How much money, invested at an interest rate of r % per year compounded continuously, will amount to A dollars after t years? (Round your answer to the nearest cent.)
A = 15,000, r = 4.5, t = 4
I know that A=Pe^rt but I keep getting the wrong answer
NEVERMIND. I just kept making a calculator entry error.

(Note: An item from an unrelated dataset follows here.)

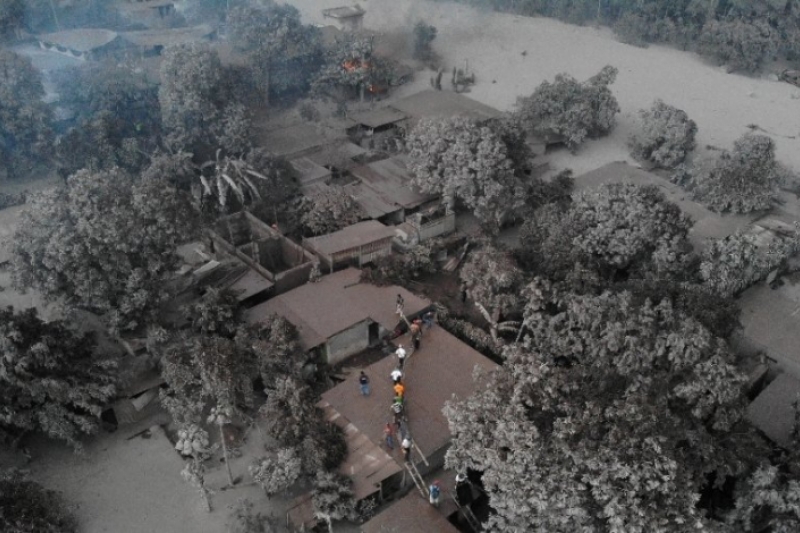 Guatemala Violenta erupción del volcán de Fuego en Guatemala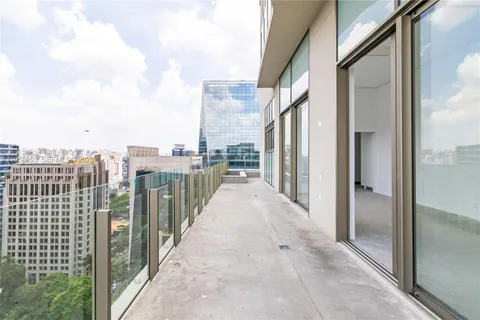 $22,847,568 | 303 R. Lopes Neto, Unit 21/22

To solve this problem, you are correct in using the formula A = Pe^rt. However, it seems like you might be making a mistake while plugging in the values. Let's go through the steps together:
Step 1: Identify the given values:
A = $15,000 (target amount)
r = 4.5% (interest rate, but remember to express it in decimal form)
t = 4 years
Step 2: Convert the interest rate to decimal form:
r = 4.5% = 0.045
Step 3: Plug the values into the formula A = Pe^rt:
A = P * e^(r * t)
Step 4: Rearrange the equation to solve for P:
Divide both sides of the equation by e^(r * t):
A / e^(r * t) = P
Step 5: Substitute the given values and calculate P:
P = $15,000 / e^(0.045 * 4)
Step 6: Use a calculator to evaluate the exponent and round the answer to the nearest cent:
P ≈ $12,487.78 (rounded to the nearest cent)
So, if you invest approximately $12,487.78 at an interest rate of 4.5% per year compounded continuously for 4 years, it will amount to $15,000.